Udacity Capstone project
Investment and Trading Project is my submission for the Udacity capstone project. As part of this project, I will attempt to use a deep neural network (specifically LSTM) to predict closing-price of a stock.
Apart from the standard deep neural network libraries of Keras, Pandas, Numpy, Sklearn, matplotlib I use
quandl - to download stock data
stockstats - tool to readily create statistics from stock data frame
seaborn - statistical data visulization
conda install -c anaconda quandl
pip install seaborn
pip install stockstats
ProjectProposal.pdf - Capstone project proposal
ProjectReport.pdf - Capstone project report
capstone_ipython_notebook.ipynb - IPython notebook used to implement the model
capstone_support.py - Python module imported to the main notebook
capstone_parameter_tuning.ipynb - Used to generate the consolidated_exp.csv
stock_data/*.csv -> contains all processed stock data
capstone_evaluation_history.csv -> model evaluation loss history results
capstone_evaluation_scores.csv -> model evaluation score results
consolidated_exp.csv -> These are results from my parameter tuning exercise. Please avoid having to run them all as they take considerable amount of time.
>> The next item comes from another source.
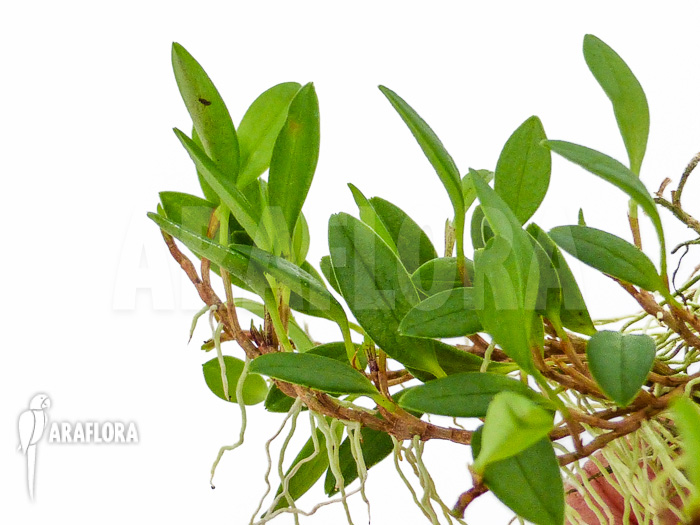 Barbosella species K01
capstone_report_and_code.ipynb -> Contains both code and report together
git clone the project
Run the Ipython Notebook: capstone_ipython_notebook.ipynb
Note: I have already saved off results of the runs locally (see Other artifacts section above)
If you do want to run those code cells, delete/modify the files/folder names so that the python notebook will actually execute (download/process) them.